#rectoverso #06 | Cow Girl

Recto : Je m’appelle Magali. J’ai 23 ans. Je vis ici depuis un an et demi. Avant, j’étais à Paris. J’en ai eu assez. Trop de monde, trop de bruit, trop de métro. J’avais besoin d’air. De nature. De chevaux. Les chevaux, je les connais depuis longtemps. C’est mon truc. J’ai toujours aimé ça. Petite, on m’a offert un livre à Noël, un livre sur les races de chevaux. J’étais fascinée. Les Lipizzans, Les Mustangs. Et puis les chevaux indiens, ceux des westerns. Je regardais pour eux, pas pour les cowboys. À Paris, j’ai bossé un peu à l’hippodrome de Longchamp.
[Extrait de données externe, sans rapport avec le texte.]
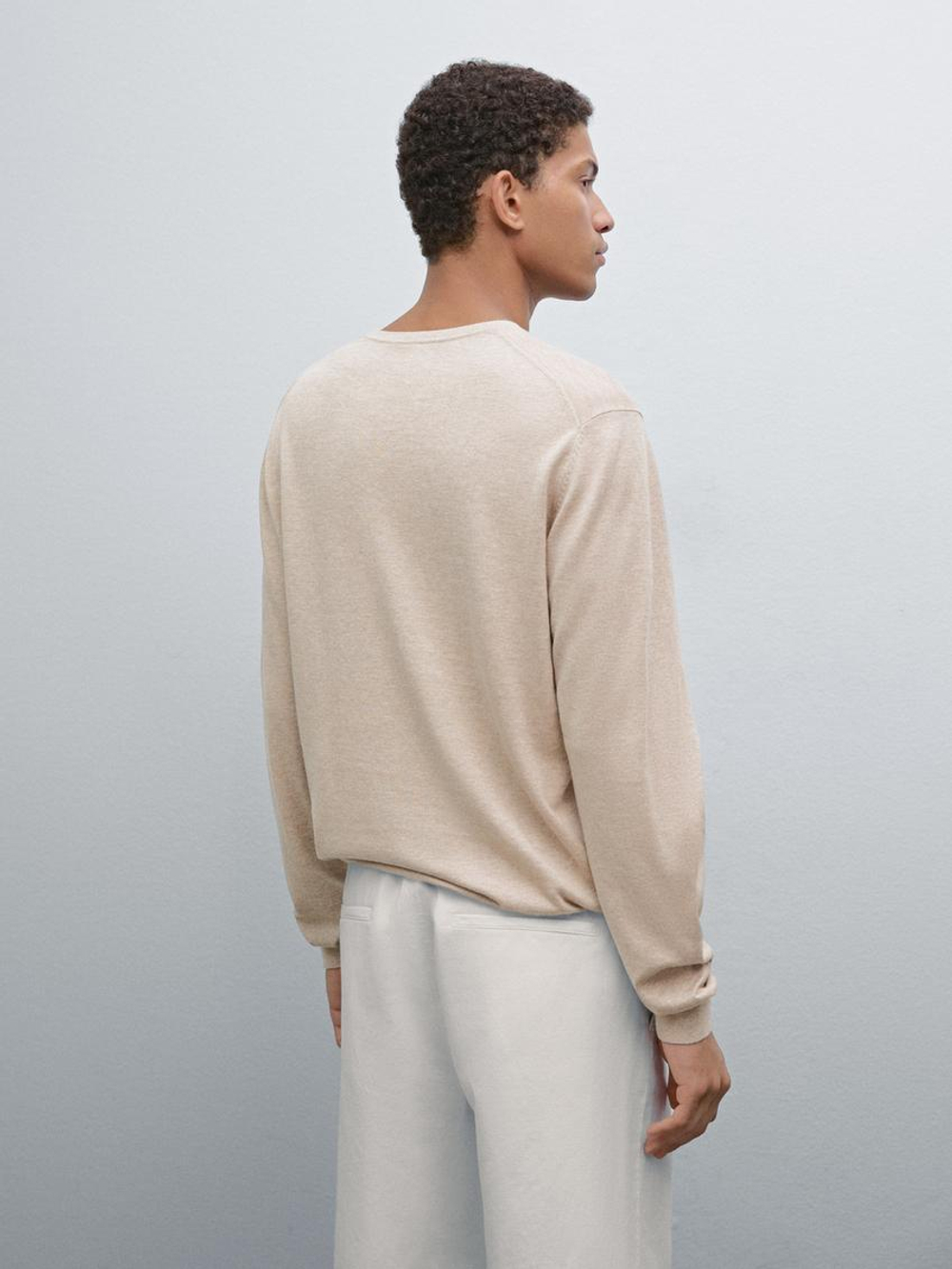 Massimo Dutti Хлопковый свитер с длинными рукавами, песочный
J’ai appris des trucs. L’ostéopathie équine, par exemple. C’est resté. C’est utile.

Je ne serai jamais jockey. Trop grande. Trop costaude. Je suis plutôt palefrenière. Je brosse, je soigne, je masse, je lave les pattes, je parle doucement. J’aime ce contact-là. Ici, j’ai commencé avec les soins. Puis la patronne m’a fait confiance et donné plus de responsabilités. Des tours en poney pour les enfants. Puis des petites balades à cheval. Aujourd’hui, je guide des sorties dans la montagne. Des gens de passage, des vacanciers. Ils me voient, avec mes bottes usées, mon jean, ma chemise à carreaux, mon chapeau vissé sur les cheveux emmêlés. Ça les surprend. Une grande fille comme moi. Un peu sauvage. Je sens que certains fantasment. Je ne fais pas trop attention. Je parle avec un voix grave. Pour m’imposer. En sortie, il y a toujours un type qui fait le malin. Qui sort du chemin. Qui veut jouer. Je le recadre. Il comprend. Ou pas.

Mon cheval préféré s’appelle Biscotte. Un bai tranquille, intelligent. Avec lui, les balades restent un plaisir pas seulement un travail. L’odeur de lavande. Les cistes. Le ciel pâle au-dessus des crêtes. Et puis un petit lac, là-haut, caché dans une doline. Quand on y arrive, les gens disent toujours « Waouh ». Je comprends. C’est beau. Les chevaux aiment aussi.

Le soir, je rentre chez moi. Je vis dans une petite chambre, au-dessus de chez Madame Galéan. C’est pas cher. Je rends quelques services en échange. Je me douche longtemps, mais l’odeur du cheval reste. Je sors parfois boire une bière. Une ou deux. Pas plus. Les hommes du village ont vite des idées. Et moi, j’ai pas envie. Pas de couple. J’ai donné à Paris. Un coach sportif. C’était tendre au début. Puis ça s’est gâté. Jalousie. Moi, je préfère les chevaux. Avec eux, c’est simple. C’est clair. Un respect mutuel. Chacun sa place. Pas de promesse, pas de prise de tête.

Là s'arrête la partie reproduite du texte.